Exploring a wide dramatic range, The Phoenix consists of three movements, all linked and played without breaks. “Crossing the Horizon,” contains the darkest and most mysterious moment in the work and, toward the end of the movement, we hear the mythological bird sing. “Fire and Transformation” develops a motive with incessant rhythmic drive and leads relentlessly to a climax in which the principal materials of the work are consumed in a series of searing chords. A transition leads directly to “The Phoenix Rising” which, with increasing energy, relates to the mythological bird’s glorious rising from its own ashes.

 

Anton Bruckner (1824-1896)
Symphony No. 4 in E-flat Major “Romantic”

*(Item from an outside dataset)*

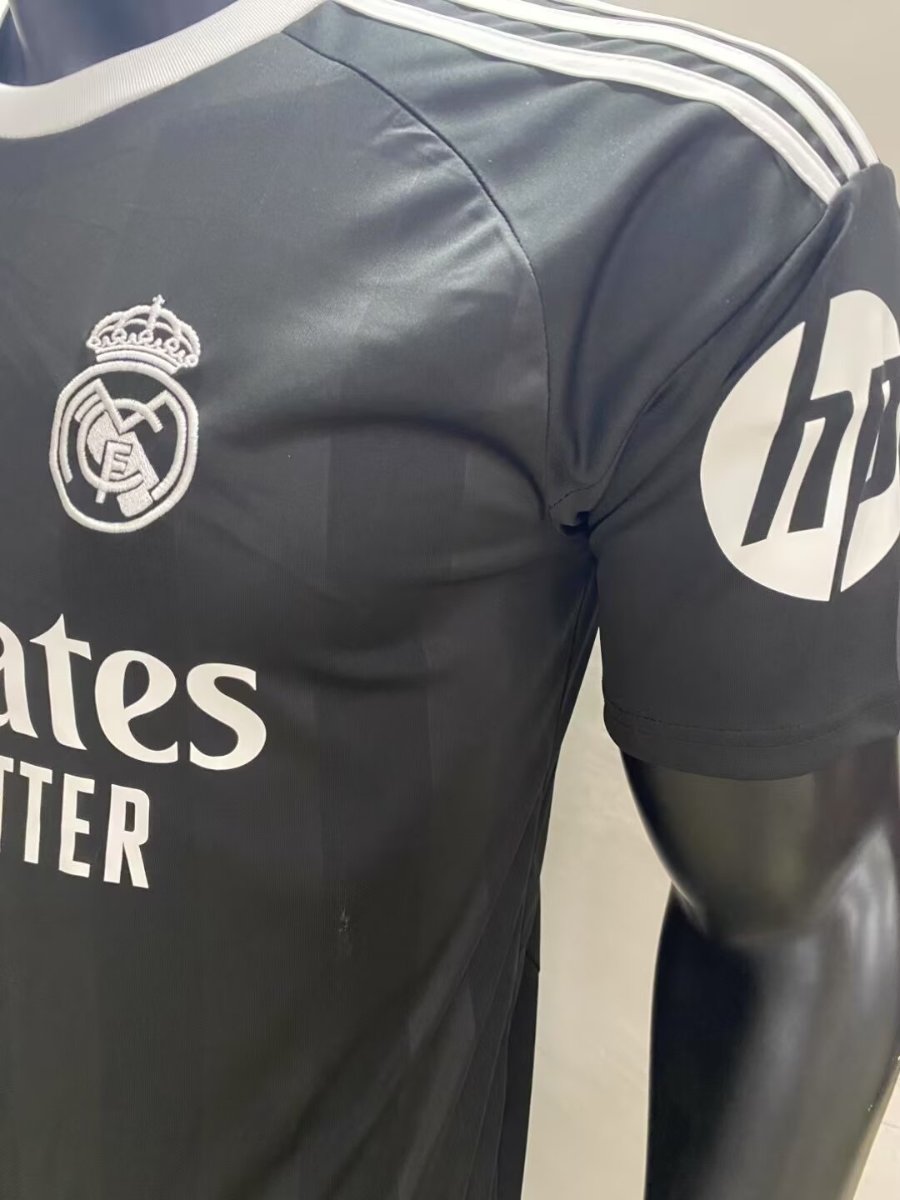 25/26 Real Madrid Black Goalkeeper Jersey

The life and personality of Anton Bruckner has long presented a paradox, not only since his death but for most of his lifetime.  On the one hand, Bruckner was a devout Catholic and of unshakeable faith, convinced of his artistic destiny.  On the other, he was constantly subject to depression and self-doubt as a musician, composer, and teacher.  He served two masters for most of his life: God and the composer Richard Wagner.  It was his association with, outspoken support for, and admiration of the later that created undue hardship for most of Bruckner’s career.

 

Austrian to the core, his family had lived in Linz since the fifteenth century.  His father was a schoolmaster and it was in this profession that Anton spent many years training and working, although rumor has it he was not a very good educator.  He was however a brilliant organist, having spent eleven formative years as organist of the monastery of St. Florian, before taking a similar post at the Linz Cathedral.  In 1854, Bruckner passed his organ examination in Vienna and soon became known as one of the finest organists in Europe, especially gifted in the art of improvisation.  This is the main element of Bruckner’s musical training that directly influences his orchestral writing and works.

 

The Wagnerian imprint on Bruckner’s music is unmistakable.  Like Wagner, his works are vast, of epic design, and on a monumental scale, often entering into the realm of the grandiose and sublime.  His harmonic language is ever changing and highly chromatic.  Bruckner’s orchestration tends toward a chorale style, making use of huge chordal writing in the brass and winds.  That is not to say his music doesn’t contain Austrian folk-like flair or a lusty peasant vigor at times, while his slow movements often reveal a more mystic quality.

 

The Symphony No. 4 dates originally from 1874, but was revised in 1878 and acquired a new finale in 1880.  This version was regarded by the composer as the “last word on the subject” and was published for the first time in 1936, by Robert Haas and the International Bruckner Society.  The first performance of the work in 1881 with the Vienna Philharmonic, under the baton of Hans Richter, was Bruckner’s first real success.  His previous attempts were either booed, laughed at, or highly criticized by audiences and musicians alike.  He add the alternative title of “Romantic” two years after its completion, and although the symphony does not contain a formal printed program, Bruckner did have certain images in mind while composing this work.

 

The opening movement was said to depict a “medieval town at dawn” with “calls to wake up” heard in the solo horn.  After this theme is taken up by members of the woodwind family, the glorious second theme is announced by the full orchestra playing the “Bruckner rhythm”.  He described this scene as “knights riding out into the open country on proud stallions”.  In the second movement Andante, Bruckner spoke of “a love that has been spurned”.  This is depicted in a beautiful, yearning melody heard first in the cellos, then adopted by the rest of the sections throughout the movement.  The third movement Scherzo is music of the forest and hunt.  In fact, a handwritten entry in the score describes the ländler-like trio of the “hunting scherzo”, which is dominated by the horns, as a “dance tune heard during the meal taken in the course of the hunt”.  Regarding the finale, according to one account, Bruckner said he no longer knew what he had thought about when composing it in 1880.  Themes and rhythms of the opening movement reoccur, bringing the symphony full circle and to a dramatic close.